A vocação impõe sacrifícios. É preciso deixar tudo e tomar a sua cruz para seguir Jesus. Acontece mesmo que a vocação encontra na família oposições que é preciso vencer (Lc 14, 26).
Os apóstolos deixaram tudo imediatamente para seguirem Jesus. A sua generosidade é uma garantia de salvação e de glória (2Pd 1,10).
Deve fortalecer-se a própria vocação pela oração, pelo estudo da boa doutrina e pelas obras santas (2Tes 2).
Estejamos nas mãos de Deus para toda a boa obra segundo a sua vontade e o seu apelo.
SEGUNDO PONTO: Grandezas e virtudes do sacerdócio. – O padre é o embaixador oficial de Deus junto das almas (2Cor 13, 20); é a luz do mundo e o sal da terra.
É um outro Cristo, continua Cristo sobre a terra. Receber um padre, é receber Jesus Cristo mesmo e o seu Pai (Lc 10, 16).
Todos os dias opera o maior milagre do Salvador, no santo sacrifício da missa. Como Cristo, tem a chave das consciências e os seus juízos são ratificados no céu (Jo 20, 23).
O padre é o homem de Deus e das almas; a sua função própria é oferecer a Deus sacrifícios e orações por si e pelos irmãos. Mesmo se separado do mundo, é preciso que viva no mundo, mas sem tomar o seu espírito (Heb 5; Jo 17).
A ciência é-lhe absolutamente necessária, senão é um cego conduzindo outros cegos (Lc 6, 39).
De espalhar pelas suas virtudes o bom odor de Jesus Cristo (2Cor 2).
«Tomemos cuidado, diz S. Paulo aos presbíteros de Corinto, em não darmos a ninguém ocasião de escândalo, para que o nosso ministério não seja censurado. Mas mostremo-nos em todas as coisas tais como devem ser os ministros de Deus, com uma grande paciência nas tribulações, nas perseguições, nos trabalhos, nas vigílias, nos jejuns; pela pureza, pela ciência, por uma doçura perseverante; pelos frutos do Espírito Santo, por uma caridade sincera; pela palavra da verdade, pela força de Deus, pelas armas da justiça; na honra ou na humilhação; sempre alegres, mesmo na provação e na pobreza…» (2Cor 6).

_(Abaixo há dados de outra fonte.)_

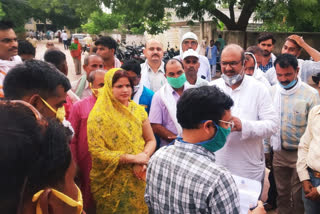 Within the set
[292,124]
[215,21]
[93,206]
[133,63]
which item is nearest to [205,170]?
[93,206]

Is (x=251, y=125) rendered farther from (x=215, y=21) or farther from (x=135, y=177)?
(x=215, y=21)

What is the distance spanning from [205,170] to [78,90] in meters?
2.94

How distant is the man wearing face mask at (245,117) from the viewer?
2611mm

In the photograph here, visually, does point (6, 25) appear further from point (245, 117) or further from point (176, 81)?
point (245, 117)

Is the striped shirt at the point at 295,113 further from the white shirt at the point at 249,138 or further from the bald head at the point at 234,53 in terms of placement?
the bald head at the point at 234,53

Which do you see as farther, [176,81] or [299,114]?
[176,81]

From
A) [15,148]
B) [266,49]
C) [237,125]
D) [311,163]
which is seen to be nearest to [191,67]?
[266,49]

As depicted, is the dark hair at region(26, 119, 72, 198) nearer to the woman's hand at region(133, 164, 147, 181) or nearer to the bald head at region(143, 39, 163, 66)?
the woman's hand at region(133, 164, 147, 181)

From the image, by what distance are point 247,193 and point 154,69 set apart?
2.77m

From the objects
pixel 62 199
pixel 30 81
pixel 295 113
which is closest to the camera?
pixel 62 199

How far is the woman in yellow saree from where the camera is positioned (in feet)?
8.16

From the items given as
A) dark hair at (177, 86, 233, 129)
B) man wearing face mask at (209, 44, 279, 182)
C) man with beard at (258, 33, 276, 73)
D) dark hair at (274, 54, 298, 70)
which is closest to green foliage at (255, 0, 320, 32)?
man with beard at (258, 33, 276, 73)

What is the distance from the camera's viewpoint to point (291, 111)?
10.7 feet

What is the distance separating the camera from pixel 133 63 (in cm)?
365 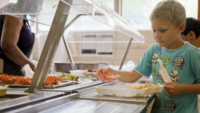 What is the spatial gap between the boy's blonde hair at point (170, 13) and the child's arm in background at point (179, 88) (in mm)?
353

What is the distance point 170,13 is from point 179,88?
42 centimetres

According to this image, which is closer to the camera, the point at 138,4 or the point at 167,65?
the point at 167,65

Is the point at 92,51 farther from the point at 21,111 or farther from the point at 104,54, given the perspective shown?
the point at 21,111

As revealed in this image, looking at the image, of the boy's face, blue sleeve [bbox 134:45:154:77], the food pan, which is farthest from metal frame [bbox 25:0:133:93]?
the food pan

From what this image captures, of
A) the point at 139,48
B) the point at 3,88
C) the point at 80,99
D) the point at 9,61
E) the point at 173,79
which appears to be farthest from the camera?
the point at 139,48

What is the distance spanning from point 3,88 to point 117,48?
2.65 m

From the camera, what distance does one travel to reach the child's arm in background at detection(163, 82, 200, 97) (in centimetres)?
107

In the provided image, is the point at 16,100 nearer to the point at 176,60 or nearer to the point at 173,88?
the point at 173,88

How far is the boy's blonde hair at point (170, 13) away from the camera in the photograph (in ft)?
→ 3.82

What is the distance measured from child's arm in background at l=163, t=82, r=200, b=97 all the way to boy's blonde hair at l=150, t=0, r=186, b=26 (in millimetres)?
353

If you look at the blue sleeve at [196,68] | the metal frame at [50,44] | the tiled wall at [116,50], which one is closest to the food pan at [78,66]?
the tiled wall at [116,50]

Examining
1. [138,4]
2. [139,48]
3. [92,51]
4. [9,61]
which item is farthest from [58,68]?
[138,4]

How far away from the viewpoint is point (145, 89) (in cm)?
99

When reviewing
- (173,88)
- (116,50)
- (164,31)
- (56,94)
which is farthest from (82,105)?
(116,50) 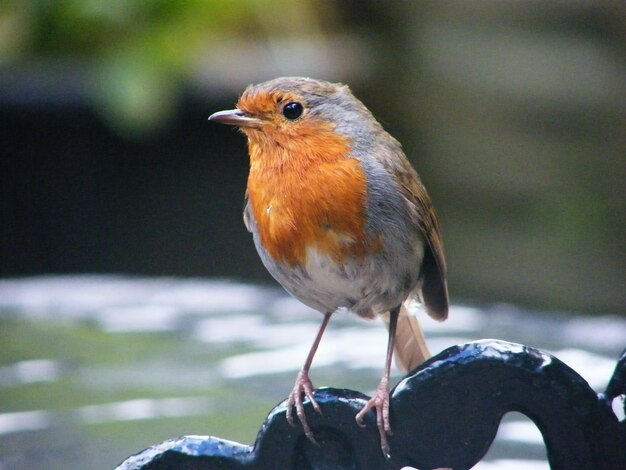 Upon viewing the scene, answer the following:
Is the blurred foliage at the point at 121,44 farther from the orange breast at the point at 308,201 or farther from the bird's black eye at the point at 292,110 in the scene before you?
the orange breast at the point at 308,201

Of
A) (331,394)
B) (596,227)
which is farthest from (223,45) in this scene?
(331,394)

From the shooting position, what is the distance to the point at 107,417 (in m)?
2.15

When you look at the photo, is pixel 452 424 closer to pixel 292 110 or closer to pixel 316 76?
pixel 292 110

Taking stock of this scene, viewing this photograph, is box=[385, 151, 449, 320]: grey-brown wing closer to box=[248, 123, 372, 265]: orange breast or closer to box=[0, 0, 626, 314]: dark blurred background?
box=[248, 123, 372, 265]: orange breast

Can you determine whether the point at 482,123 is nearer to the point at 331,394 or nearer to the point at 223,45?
the point at 223,45

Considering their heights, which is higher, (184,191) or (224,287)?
(224,287)

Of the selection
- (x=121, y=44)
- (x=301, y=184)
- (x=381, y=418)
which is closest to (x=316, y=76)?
(x=121, y=44)

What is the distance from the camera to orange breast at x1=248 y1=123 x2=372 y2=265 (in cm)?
202

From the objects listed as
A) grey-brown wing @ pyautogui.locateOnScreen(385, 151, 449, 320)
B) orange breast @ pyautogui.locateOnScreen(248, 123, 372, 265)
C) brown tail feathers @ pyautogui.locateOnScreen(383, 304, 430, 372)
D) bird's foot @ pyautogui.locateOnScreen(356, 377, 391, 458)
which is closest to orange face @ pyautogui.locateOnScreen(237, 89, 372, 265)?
orange breast @ pyautogui.locateOnScreen(248, 123, 372, 265)

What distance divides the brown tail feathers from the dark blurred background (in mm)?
2764

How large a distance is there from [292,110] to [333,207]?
30 centimetres

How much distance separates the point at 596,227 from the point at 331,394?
5.32m

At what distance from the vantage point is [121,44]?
17.3ft

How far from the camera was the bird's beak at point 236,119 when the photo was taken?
7.13 ft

Tal é o carácter do verdadeiro apóstolo, sempre zeloso, ardente e paciente.
É preciso que o padre seja bom, que se compadeça em todos os infortúnios, que tenha piedade das vítimas da ignorância e do erro (Heb 5).
O seu desinteresse constitui a sua glória (Mt 18, 20).
Deve velar como um pastor sobre o seu rebanho e dar às suas ovelhas os seus cuidados e a sua dedicação (Mt 13, 25).
TERCEIRO PONTO: Labores, provas e recompensas. – O padre é um trabalhador e um semeador, tem uma tarefa rude (Jo 4, 35).
É um soldado infatigável de Cristo, um lutador intrépido (2Tim 2). Deve estar disposto a tudo sofrer por amor dos eleitos e pela glória de Deus.
É a cruz que fecunda o ministério do padre, por isso deve estar constantemente unido a Cristo sobre a cruz (Jo 12, 26). Discípulo e continuador de Cristo, o padre não pode ser tratado de outro modo senão como o seu Mestre (Mt 10, 24).
A perseguição inerente ao ministério sacerdotal não faz senão reavivar a graça e o zelo no padre e aproveita grandemente às almas (2Cor 4, 8).
O padre tem o direito à confiança e ao afecto filial dos fiéis. Mas pelo seu lado terá uma conta rigorosa a prestar da sua administração (Heb 13, 17).
Uma magnífica recompensa está reservada ao padre, administrador fiel da sua família paroquial; um castigo rigoroso espera o administrador infiel.
«Estai preparados, tinha dito Nosso Senhor, e tende as vossas lâmpadas acesas, a lâmpada das boas obras. – É para nós ou para todos que dizeis isto?» diz-lhe S. Pedro. – Qual é então, responde-lhe Nosso Senhor, o administrador fiel e prudente que o Senhor colocou à frente da sua casa para dar a cada um na hora conveniente a sua medida de trigo? (Não é o padre?). Se o Senhor, à sua chegada, encontra este servo fiel, cumulá-lo-á de bens» (Lc 12, 41).
Resoluções. – Tenhamos, portanto, uma elevada ideia do sacerdócio, que é o dom mais maravilhoso do Coração de Jesus. Agradeçamos a Nosso Senhor por ter dado à sua Igreja o sacerdócio novo que ultrapassa em dignidade e em fecundidade o sacerdócio levítico tanto quanto o sacrifício eucarístico ultrapassa os holocaustos da antiga lei. – Peçamos ao Senhor da messe que dê à sua Igreja muitos santos sacerdotes.
Colóquio com Jesus, Pontífice supremo.